Two big things happened in July, both of which were great and neither of which helped my writing a jot.  First, I traveled to Honduras to help get my archaeological field project set up and running.  Second, my husband and I bought and moved into a new apartment – the first home we can truly call our own.  In between, I took a trip to Boston for Readercon.

Amidst all this travel, I did manage to squeeze in a little work, though not as much as I would have liked.
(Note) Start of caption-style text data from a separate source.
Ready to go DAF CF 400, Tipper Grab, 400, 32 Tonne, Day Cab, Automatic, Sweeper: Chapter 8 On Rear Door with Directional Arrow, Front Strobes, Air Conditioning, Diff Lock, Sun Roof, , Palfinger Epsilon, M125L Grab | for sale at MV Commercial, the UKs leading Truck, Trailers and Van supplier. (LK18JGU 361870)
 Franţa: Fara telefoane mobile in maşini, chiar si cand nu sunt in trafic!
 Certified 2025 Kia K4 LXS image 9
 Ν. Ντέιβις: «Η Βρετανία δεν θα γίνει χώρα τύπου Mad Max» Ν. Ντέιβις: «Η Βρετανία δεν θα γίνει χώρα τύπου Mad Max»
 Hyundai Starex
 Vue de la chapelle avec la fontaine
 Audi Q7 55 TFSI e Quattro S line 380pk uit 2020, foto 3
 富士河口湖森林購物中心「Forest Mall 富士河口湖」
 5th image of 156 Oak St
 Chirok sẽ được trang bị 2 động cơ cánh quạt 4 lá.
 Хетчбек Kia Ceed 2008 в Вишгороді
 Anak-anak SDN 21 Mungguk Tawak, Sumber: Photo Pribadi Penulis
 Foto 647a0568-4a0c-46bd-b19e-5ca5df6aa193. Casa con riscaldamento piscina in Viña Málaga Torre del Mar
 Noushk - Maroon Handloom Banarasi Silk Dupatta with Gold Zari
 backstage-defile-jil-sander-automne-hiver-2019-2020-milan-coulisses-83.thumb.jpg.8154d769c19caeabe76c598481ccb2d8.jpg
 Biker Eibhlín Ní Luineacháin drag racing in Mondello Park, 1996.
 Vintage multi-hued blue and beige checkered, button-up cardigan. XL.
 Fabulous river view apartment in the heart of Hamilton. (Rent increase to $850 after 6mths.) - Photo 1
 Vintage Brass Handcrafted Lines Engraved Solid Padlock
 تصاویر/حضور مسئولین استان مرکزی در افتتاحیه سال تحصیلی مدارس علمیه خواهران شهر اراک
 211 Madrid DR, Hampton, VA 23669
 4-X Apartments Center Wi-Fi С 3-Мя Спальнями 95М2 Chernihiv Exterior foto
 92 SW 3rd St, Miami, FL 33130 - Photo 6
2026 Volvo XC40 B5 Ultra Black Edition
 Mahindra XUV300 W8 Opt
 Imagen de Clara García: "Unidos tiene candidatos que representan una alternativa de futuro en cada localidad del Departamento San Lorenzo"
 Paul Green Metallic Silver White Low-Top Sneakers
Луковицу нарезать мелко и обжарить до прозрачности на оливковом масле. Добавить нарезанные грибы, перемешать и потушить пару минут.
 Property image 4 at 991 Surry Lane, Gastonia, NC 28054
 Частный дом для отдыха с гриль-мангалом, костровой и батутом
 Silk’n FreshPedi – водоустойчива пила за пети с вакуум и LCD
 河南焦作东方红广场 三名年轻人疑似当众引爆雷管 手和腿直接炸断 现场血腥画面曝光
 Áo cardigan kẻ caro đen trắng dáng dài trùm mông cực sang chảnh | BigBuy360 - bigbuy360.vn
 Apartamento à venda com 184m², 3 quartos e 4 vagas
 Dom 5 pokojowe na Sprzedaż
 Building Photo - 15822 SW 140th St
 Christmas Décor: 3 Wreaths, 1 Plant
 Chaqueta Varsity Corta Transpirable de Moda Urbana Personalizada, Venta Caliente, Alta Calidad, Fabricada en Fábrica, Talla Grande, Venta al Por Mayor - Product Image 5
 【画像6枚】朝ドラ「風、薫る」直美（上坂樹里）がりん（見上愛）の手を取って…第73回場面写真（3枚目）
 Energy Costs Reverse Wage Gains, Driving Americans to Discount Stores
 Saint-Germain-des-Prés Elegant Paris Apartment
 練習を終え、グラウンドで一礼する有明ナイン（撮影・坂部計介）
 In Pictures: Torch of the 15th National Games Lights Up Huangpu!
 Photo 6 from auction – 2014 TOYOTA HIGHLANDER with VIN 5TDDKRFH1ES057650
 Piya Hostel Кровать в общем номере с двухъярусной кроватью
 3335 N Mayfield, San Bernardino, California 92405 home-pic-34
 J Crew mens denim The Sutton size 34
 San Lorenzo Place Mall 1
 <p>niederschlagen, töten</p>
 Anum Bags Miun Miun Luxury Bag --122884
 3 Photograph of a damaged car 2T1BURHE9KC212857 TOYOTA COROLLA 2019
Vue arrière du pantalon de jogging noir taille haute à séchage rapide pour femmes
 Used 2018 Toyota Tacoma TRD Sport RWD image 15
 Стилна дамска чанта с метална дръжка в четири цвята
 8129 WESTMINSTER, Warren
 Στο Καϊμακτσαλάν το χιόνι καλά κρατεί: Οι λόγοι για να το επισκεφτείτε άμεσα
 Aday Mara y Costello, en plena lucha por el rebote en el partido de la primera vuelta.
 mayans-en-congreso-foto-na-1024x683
1. I made only wee bits of progress on ABSENT, my archaeological time travel novel.  I’m pretty close to finishing the rough draft, but most of what I accomplished in July was editing.  I took a hard copy of the manuscript to Honduras and marked it up in my spare time.

2. BLOOD RED SUN is still out to market, though I did recently get a partial request from an agent I’d be beyond thrilled to work with.  Even if she passes, I’m happy the query excited her interest.  All of my short stories are waiting on decisions at various magazines.

3. I Beta read a novel for a writing buddy (a real door-stopper at over 120K, but a fun read).

4. I did quite a lot of reading (much of it on my lovely new Nook).  This included “Miss Peregrine’s Home for Peculiar Children” by Ranson Riggs, “A Discovery of Witches” by Deborah Harkness, “Hammered” by Kevin Hearne, “Magic Slays” by Ilona Andrews, “The Forever War” by John Haldeman, and “Grave Dance” and “Grave Witch” by Kalayna Price.

All in all, a good month.  August looks to be a little less hectic, but that’s probably just when viewed from afar.  I’ve got a trip to Seattle coming up, in which I plan to do a little research for the dark Urban Fantasy novel I’m working on (I’m tentatively thinking to set it in Port Townsend and Seattle).  I also intend (no, VOW) to finish the rough draft of ABSENT before I leave for Seattle.  That means it will be done by Thursday.  No Matter What.  I’m also facing down quite a bit of course prep, as the new semester begins at the end of the month.

What were your big accomplishments and adventures in July?  What have you got on tap for August?  Do share, dear Reader!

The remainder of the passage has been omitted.